PostgreSQL handles this differently. Only committed transactions are actually written to disk; uncommitted transactions make changes only to data that is in memory. Another big difference is that changes to tuples in PostgreSQL do not overwrite the previous version of the tuple. PostgreSQL writes a new tuple and marks the old one as inactive. If a transaction completes, its changes are flushed to disk at the next checkpoint, and the inactive tuple is marked for deletion by a vacuum process that happens later. If a transaction doesn't complete, it is rolled back by making the new tuple inactive and making the previous version of the tuple active again. This is why PostgreSQL does not need a separate rollback log.

This vacuum process happens on a regular basis and deletes from the table all tuples marked for deletion. The vacuum process is extremely important and must be performed. If you ever hit over 4 billion transactions without vacuuming, your database stops working, forcing you to vacuum before you can continue.

If you don't occasionally run the vacuum process, your database eventually stops functioning, and you lose any transactions in flight when that happens. Don't let this happen to you. The good news is that automated vacuuming has been built into PostgreSQL 8.1. It is disabled by default, however.

21.1.8. Write Ahead Log

The write ahead log, or WAL, is very similar to the transaction log in any other database. All transactions are written to the log before they are allowed to be written to disk, allowing the database to redo those transactions in case of crash recovery. The WAL can also be used for point-in-time recovery by replaying transactions that have occurred since the last full backup.

A running PostgreSQL system creates a sequence of WAL records that are divided into WAL segment files, which are normally 16 MB each, although you can specify a different system when building PostgreSQL. These segment files are given numeric names that represent their position in the overall sequence of records. If WAL archiving is not enabled, PostgreSQL creates a few segment files, then recycles them by renaming older segment files with newer segment numbers. This allows enough records to be archived to support hot backups and crash recovery, but does not help if you want to perform point-in-time recovery.

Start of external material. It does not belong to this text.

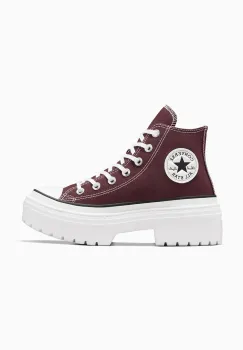 Converse tenisi Chuck Taylor All Star Lugged Heel femei, culoarea bordo, A09401C imagine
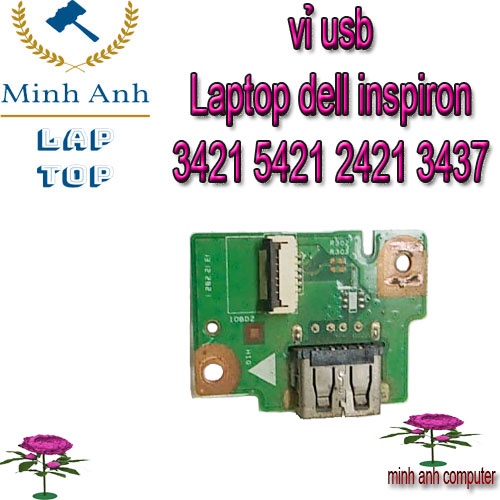 vỉ usb laptop dell inspiron 3421 5421 2421 3437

WAL archiving copies the segment files to an alternate location before they are renamed. WAL archiving must be enabled in order to use the WAL for point-in-time recovery. You enable WAL archiving by specifying a value for the archive_command parameter on startup. As with other parameters, this can be specified in postgresql. conf or by passing it via an option to the postmaster command. If you specify the options in postgresql.conf, you should be able to tell postmaster to reread the configuration file by issuing a pg_ctl reload. If that doesn't work, you need to stop and start the database. The string should be a series of commands designed to copy an individual file to an alternate location. In the string, any %p is replaced by the full path of the file to be archived, and any %f is replaced by the filename without its path. (Use %% if you want to use an actual % character in your command.) Here are some example commands from the PostgreSQL manual:

$ archive_command = 'cp -i %p /mnt/server/archivedir/%f'

This specification would mean that PostgreSQL would copy each WAL segment file to /mnt/server/archivedir as it is completed. If you want to make sure you're not overwriting any existing files, the following should work on most Unix variants:

$ archive_command = 'test ! -f .../%f && cp %p .../%f'

It tests to see whether the file is present in the destination before it copies it. Obviously, these examples should be enhanced for use in your own environment.

Alternatively, you can use a custom method for archiving and for other things as well. This example shows such a custom script:

$ archive_command = 'mycp.sh %p /mnt/server/archivedir/%f'

In addition to copying the files to the appropriate location, the mycp.sh script could also do additional checking to suit your requirements. For example:

Compress or zip the WAL segment file.
Check that you are not overwriting another segment file.